Chemical jobs. Over the past 75 years, the international chemical industry, led by U.S. chemical innovation, has ushered the world into a healthier, more prosperous, and increasingly more environmentally conscious era. Chemical industries, along with their client and supplier businesses, have long been a key strength of the U.S. economy. The perceived erosion of this mainstay of professional chemical employment and U.S. economic prosperity accounts for the concerns many have for sustaining membership in the society and the vitality of domestic chemical businesses.


Regardless of the evolving structure of our chemical industry, ACS members know that chemical innovation must continue to play a central role in driving U.S. competitiveness. Without chemical entrepreneurship, we will stifle one important pathway for developing innovations critical to the vitality of high-tech industry. ACS needs to advocate for chemical entrepreneurs on a national level and help connect the originators of promising technologies in industry and academics with resources needed to successfully launch new product lines and chemistry start-ups. The society must encourage talented chemists and chemical engineers to obtain the business and political skills and experiences required to become discerning leaders of and advocates for U.S. chemical businesses.

Chemical education. Degrees in chemistry provide an excellent foundation for career paths in chemical-, biotechnology-, and materials-related industries and in business, teaching, and government service. Leadership from the Division of Chemical Education and the Committee on Professional Training has created greater traction for innovation in undergraduate curricula over the past decade. However, the society needs to go further to ensure that graduate and undergraduate students are prepared for the rapidly changing environment in high-technology employment. Undergraduate students need expanded access to research at chemistry’s disciplinary interfaces, and all students should have the opportunity to explore complementary career paths, such as information science, biotechnology, law, international relations, and government service.

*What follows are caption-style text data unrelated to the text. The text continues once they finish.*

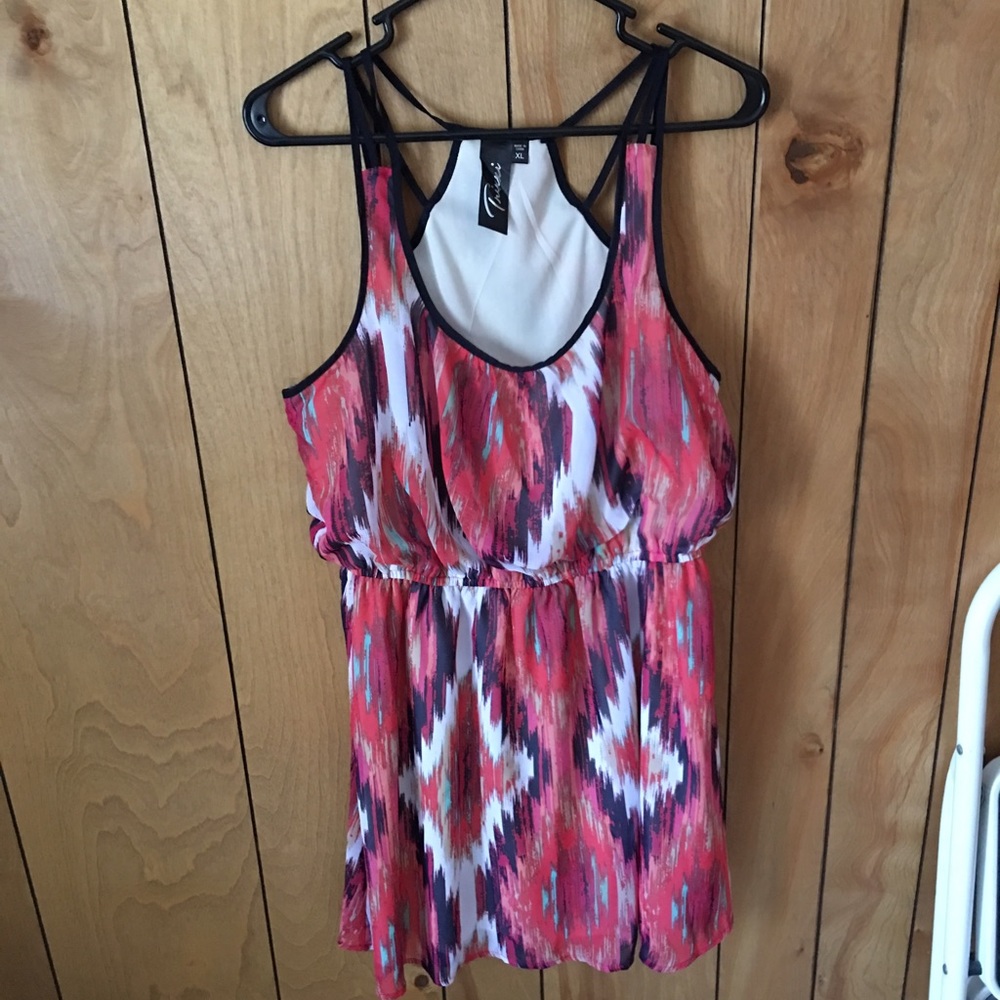 Beautiful colorful dress size XL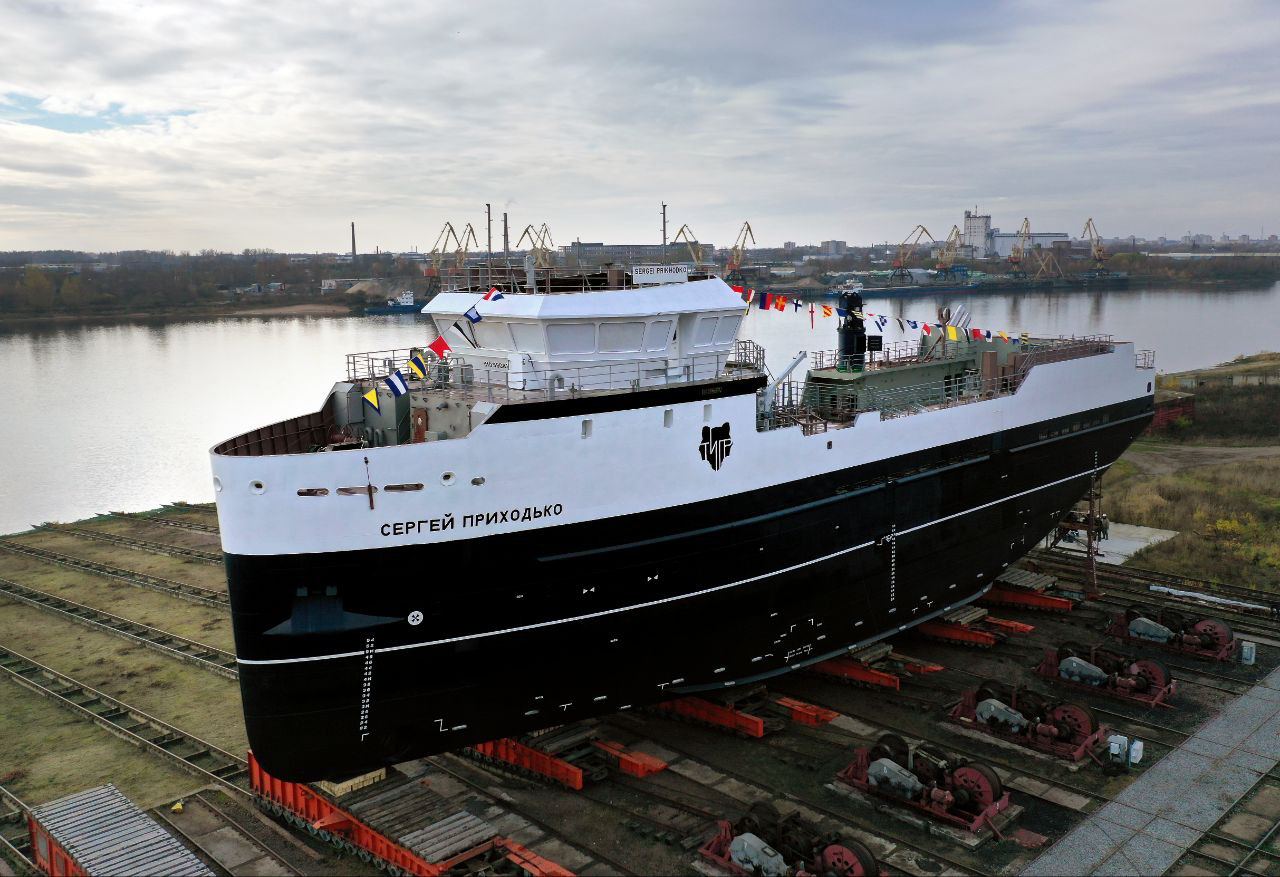 На Верфи братьев Нобель состоялся спуск краболовного судна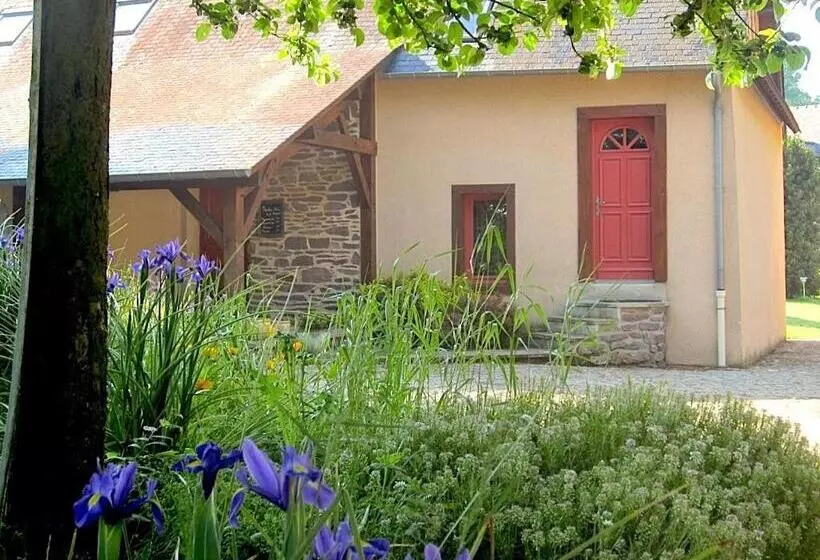 ベッドアンドブレックファースト Domaine De La Fontaine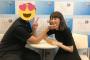 【悲報】写真会でがっつりヲタクの手にアゴをのせてるおばさんメンバーが見つかるwwwwwwwwww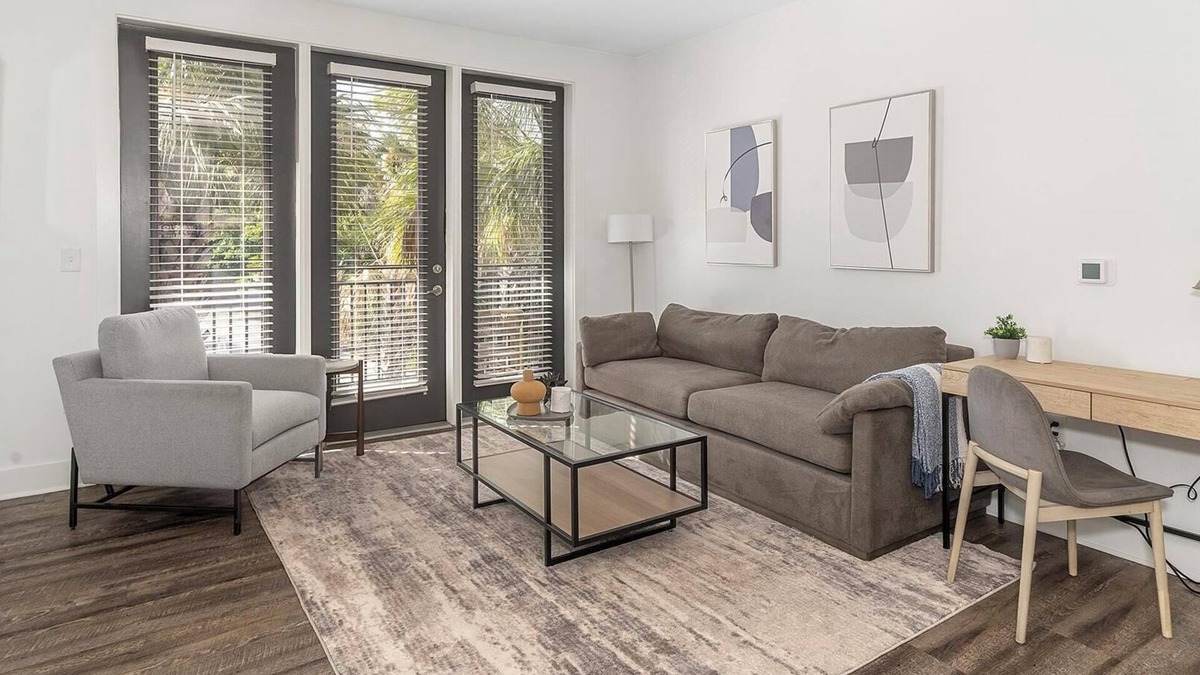 San Marco Apartment | Landing | Spectacular 2BD, Gym, Pool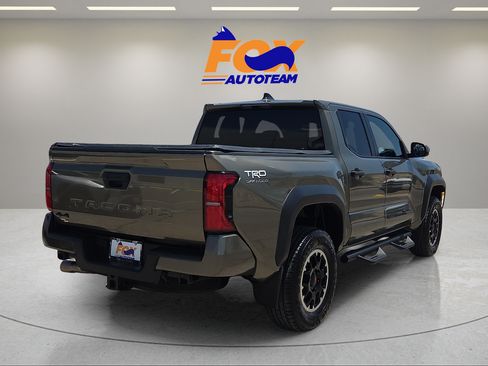 Certified 2024 Toyota Tacoma TRD Off-Road AWD/4WD image 4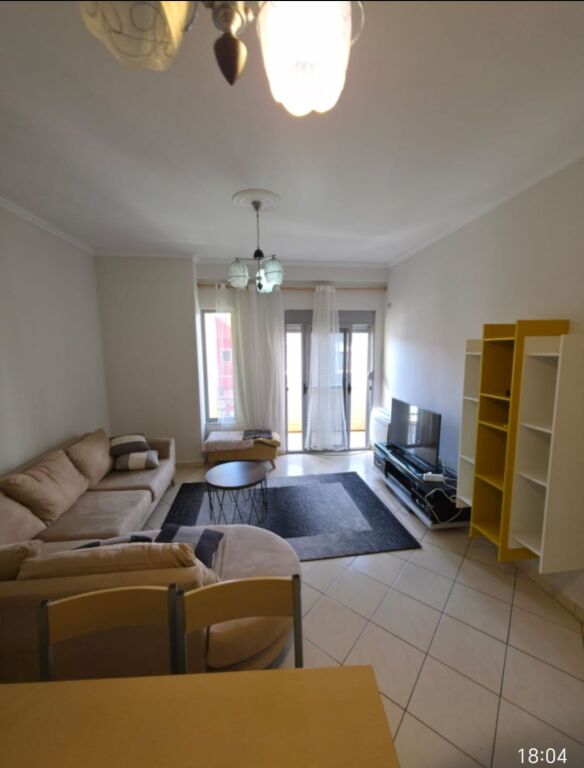 SHITET APARTAMENT 2+1+2 – PRANË KOMPLEKSIT GENER 2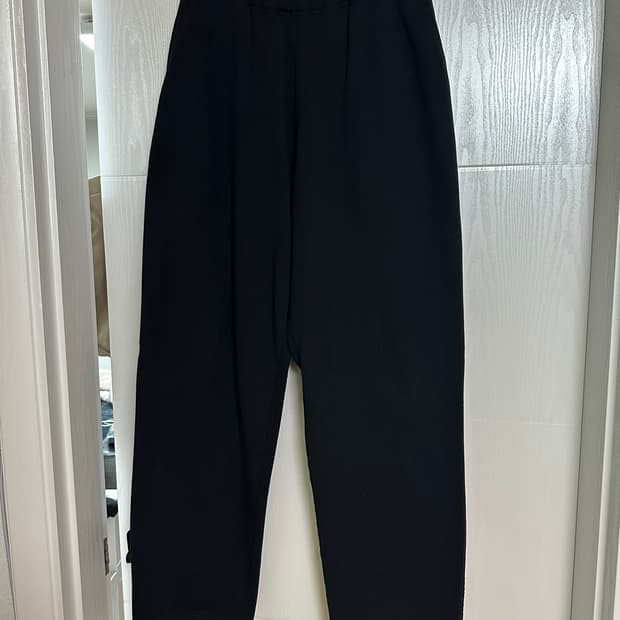 코모리 24fw 스웻팬츠 2사이즈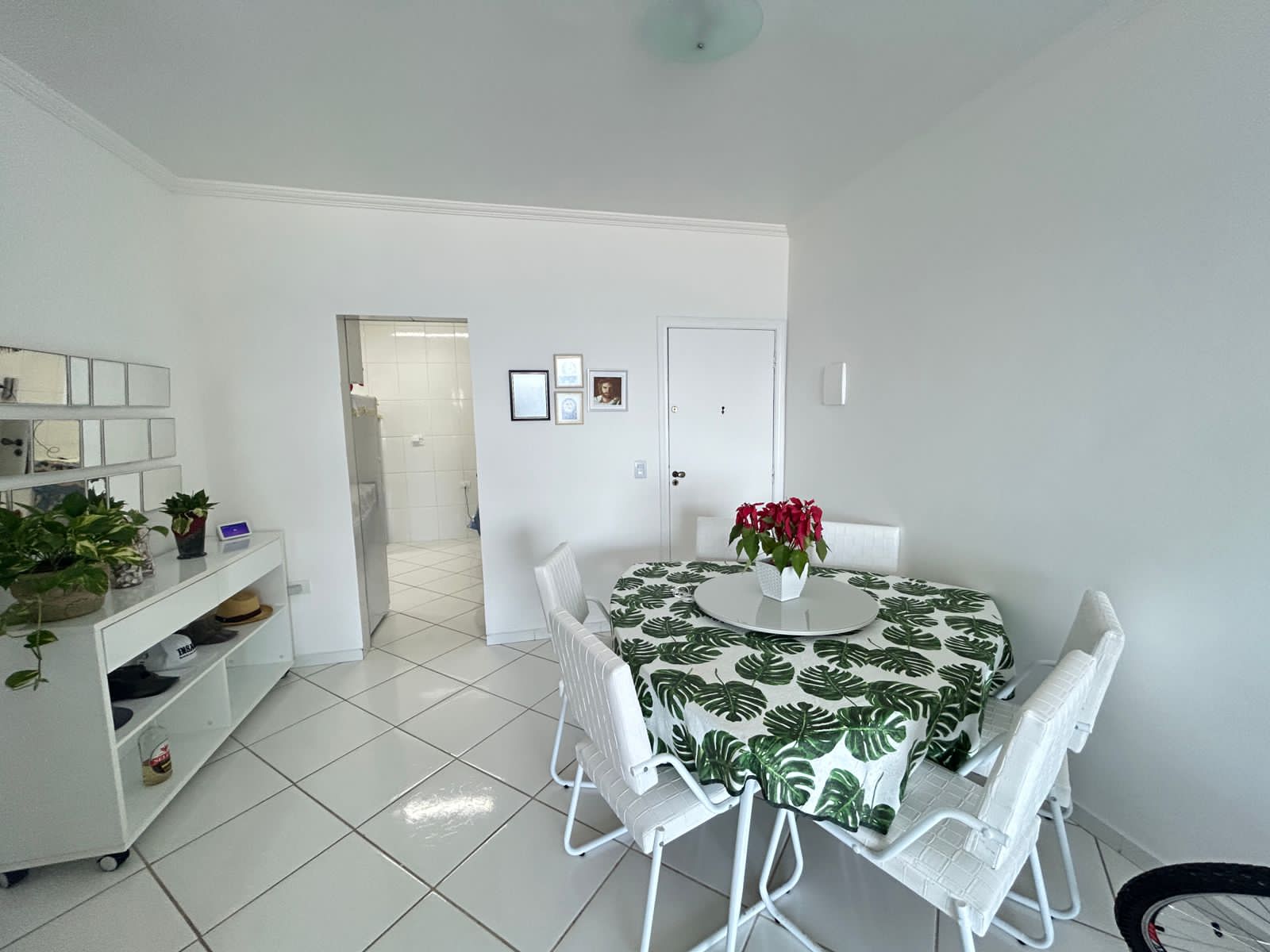 Imagem Apartamento com 2 Quartos à Venda, 98 m²em Aviação - Praia Grande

More students need to gain firsthand experience in innovation and entrepreneurship through work in maker spaces, internships in high-technology businesses, and participation in entrepreneurship training programs. ACS already has substantial experience in many of these areas, but we must also advocate for providing these opportunities earlier in the formal educational process.

Building on existing ACS strengths.ACS programs, including Project SEED, ACS Scholars, and local section outreach, are already working to increase the diversity of student populations studying in STEM fields. ACS needs to redouble its efforts in these areas. The society can play an increased role in advocating for federal, state, and local programs to enhance STEM education, and in ACS sponsorship of programs bringing the wonder of the chemical sciences to students from underrepresented populations.

ACS remains the world’s premier source of chemical science knowledge, which is an important value proposition for scientists who associate with the society. Recent changes in ACS publications and information services have been very popular among academic and industry client bases. As the society considers strategies for retaining younger scientists, we need to examine how these individuals access and consume scientific information and how we can adapt society programs beyond CAS and publications to support this critical segment of our membership.

The vast majority of scientific professionals are appalled by a governmental climate that seems to marginalize the role of scientific knowledge in policy-making and sidetrack programs that support high-quality STEM education and research. ACS must sustain support for its Office of Public Affairs while seeking partnerships among other scientific societies and technology-related businesses to publicly advocate for support of science.

It is truly an honor to have been asked to stand for election for the District V director position on the ACS Board of Directors. If elected, I will work with ACS members and with other representatives on the board to support society policies, practices, and programs that will address these and other questions of importance to ACS members.